Da parte egiziana erano poi seguiti i rilasci, frazionati in aliquote, di una settantina di militanti palestinesi, questo soltanto dopo che la leadership della Jihad e i servizi segreti del Cairo avevano ripreso a dialogare.

Secondo fonti riconducibili all’organizzazione armata palestinese, al Cairo avrebbe avuto luogo un lungo incontro durante il quale sarebbero stati discussi diversi importanti argomenti all’ordine del giorni, tra i quali la questione aperta dei palestinesi provenienti dalla Striscia di Gaza fermati all’aeroporto della capitale egiziana mentre erano in procinto di imbarcarsi alla volta di altri Paesi mediorientali.
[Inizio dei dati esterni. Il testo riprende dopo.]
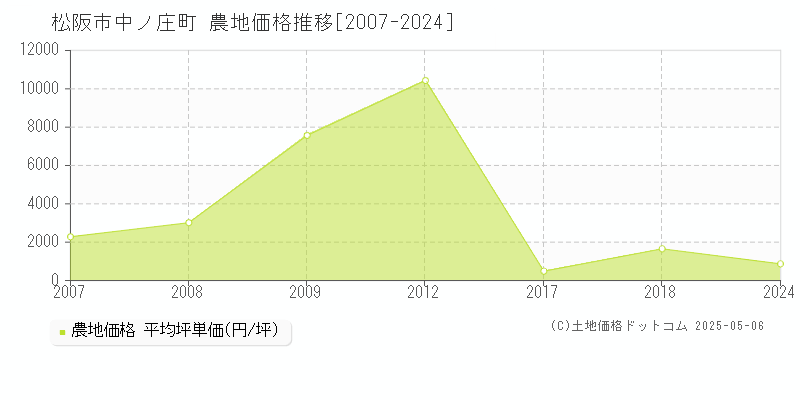 松阪市中ノ庄町の農地価格推移グラフ 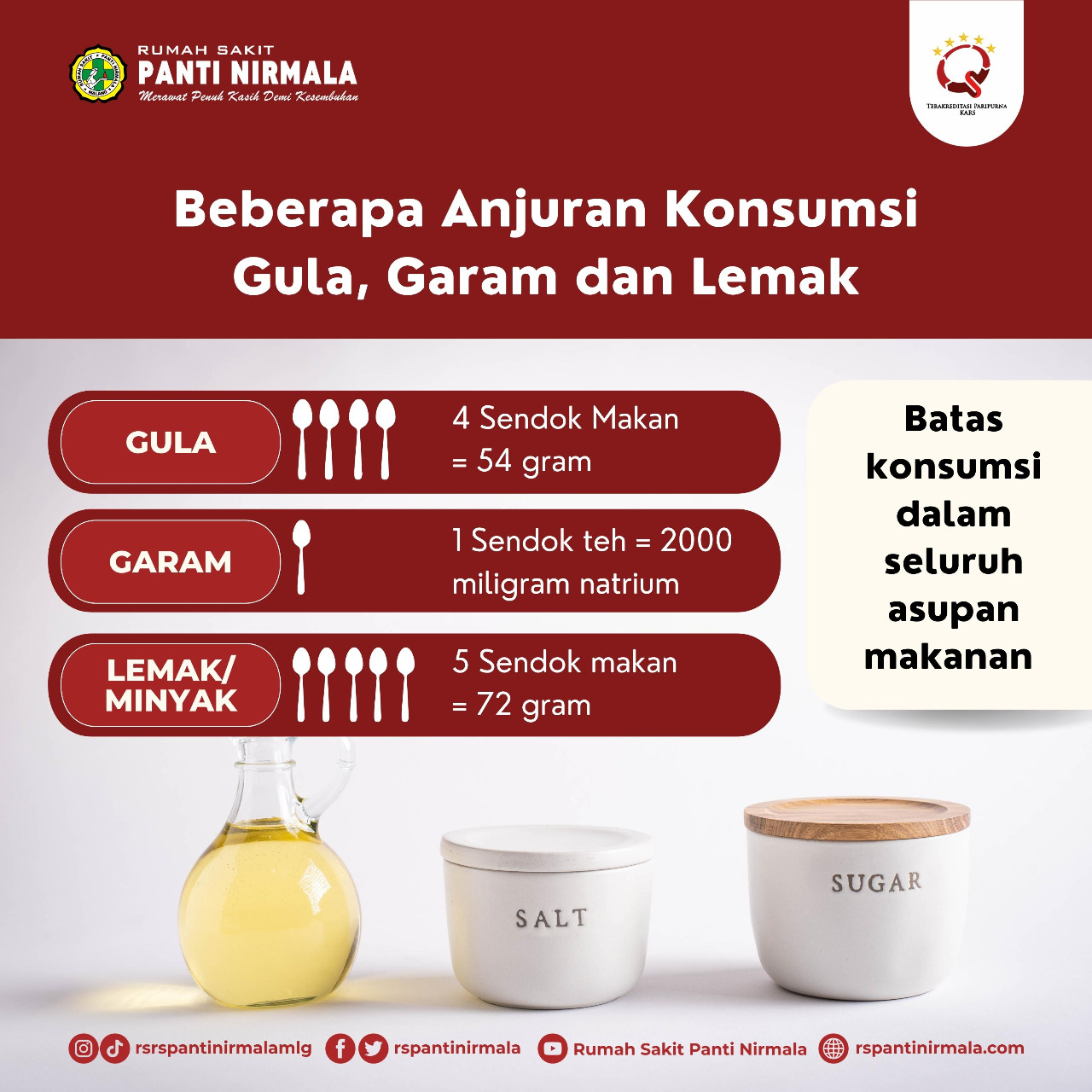 Anjuran Konsumsi Gula Garam Dan Lemak Rumah Sakit Panti Nirmala 6090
Nella medesima occasione sarebbero state affrontate anche le questioni relative alla tregua concordata da Hamas con Israele e dei prigionieri attualmente in sciopero della fame nelle prigioni dello Stato ebraico.

Il successivo rilascio dei palestinesi fermati all’aeroporto, oltreché di altri che si trovavano detenuti in Egitto, ha rappresentato un eloquente segnale di apertura da parte del Cairo, questo in vista sia della creazione di migliori condizioni nelle quali proseguire la mediazione tra i palestinesi di Gaza e gli israeliani, sia del mantenimento di un sufficiente livello di sicurezza e stabilità in Egitto.

Questa intesa sancisce anche il riconoscimento di un’indefettibile interlocutore, la Jihad islamica appunto, poiché di essa il Cairo dovrà necessariamente tenere conto, pena l’insorgere di tensioni che influirebbero negativamente sull’azione egiziana di mediazione nella Striscia di Gaza.

L’Egitto, in passato paese-guida nel mondo arabo e, ha sempre svolto un ruolo chiave nella mediazione con Israele, mantenendo allo scopo strette relazioni con le fazioni palestinesi, soprattutto nella Striscia di Gaza, che un tempo controllava addirittura militarmente.

Tuttavia, mentre l’attuale politica di Hamas non crea eccessivi problemi al Cairo, il movimento della Jihad Islamica – in particolare alcune sue componenti apparentemente fuori controllo – è invece fonte di notevoli preoccupazioni.